A recent article in the journal Biomedicines reviewed the potential of chimeric antigen receptor (CAR) T-cell therapy in disease states beyond cancer. The article, part of a special issue titled “Recent Therapeutic Advances in Natural Killer Cells,” outlined several specific targets and disease states where CAR T-cell therapy holds promise.
“CAR T cells have been approved by the U.S. Food and Drug Administration as a treatment of refractory pre-B cell acute lymphoblastic leukemia to diffuse large B cell lymphoma,” Wrote the authors, led by Ekaterina Zmievskaya of the Institute of Fundamental Medicine and Biology at Kazan Federal University in Russia. “Major successes in oncology have led to a growing scientific and clinical interest in using CAR Ts as a treatment for other types of diseases.”

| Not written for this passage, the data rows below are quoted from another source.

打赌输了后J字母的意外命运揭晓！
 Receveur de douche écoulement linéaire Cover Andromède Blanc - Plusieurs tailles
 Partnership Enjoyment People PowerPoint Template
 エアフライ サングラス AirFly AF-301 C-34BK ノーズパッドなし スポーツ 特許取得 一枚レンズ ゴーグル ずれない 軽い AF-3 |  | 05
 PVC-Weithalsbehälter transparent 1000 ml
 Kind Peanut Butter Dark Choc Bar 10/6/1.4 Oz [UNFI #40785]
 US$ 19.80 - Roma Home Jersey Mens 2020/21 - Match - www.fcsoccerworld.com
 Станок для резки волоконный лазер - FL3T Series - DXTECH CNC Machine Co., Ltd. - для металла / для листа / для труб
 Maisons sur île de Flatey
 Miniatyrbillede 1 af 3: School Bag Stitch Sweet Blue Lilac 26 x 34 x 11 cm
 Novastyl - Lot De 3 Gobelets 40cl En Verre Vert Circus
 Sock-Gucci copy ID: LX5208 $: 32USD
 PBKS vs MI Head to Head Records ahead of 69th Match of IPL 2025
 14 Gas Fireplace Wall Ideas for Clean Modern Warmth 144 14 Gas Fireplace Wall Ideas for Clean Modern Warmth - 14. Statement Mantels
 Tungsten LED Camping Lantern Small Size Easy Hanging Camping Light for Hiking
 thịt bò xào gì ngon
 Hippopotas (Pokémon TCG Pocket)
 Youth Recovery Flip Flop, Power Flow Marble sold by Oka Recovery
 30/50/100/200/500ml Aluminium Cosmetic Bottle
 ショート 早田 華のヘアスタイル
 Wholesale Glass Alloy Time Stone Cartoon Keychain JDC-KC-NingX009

The authors discussed the following specific disease states currently being examined for susceptibility to CAR T-cell treatment as well as the specific targets involved:
- autoimmunity diseases, including pemphigus vulgaris, hemophilia A, type 1 diabetes, multiple sclerosis, Ulcerative colitis, allergy, and allergic asthma
- infectious diseases, including hepatitis B, hepatitis C, human cytomegalovirus, Aspergillus, influenza A, human immunodeficiency virus, and SARS-CoV-2 (the virus that causes COVID-19)
- cardiac fibrosis
“Despite differences in etiology, there are common features in pathogenesis of the diseases … that potentially allow them to be treated with CAR T cells,” the authors wrote. “This includes a specified disease-linked cellular component that marks cells as infected, hyperactive, or overexpanded. Moreover, in many instances, CAR Ts operate as a powerful alternative to human immune system that are partly dysfunctional due to a disease.”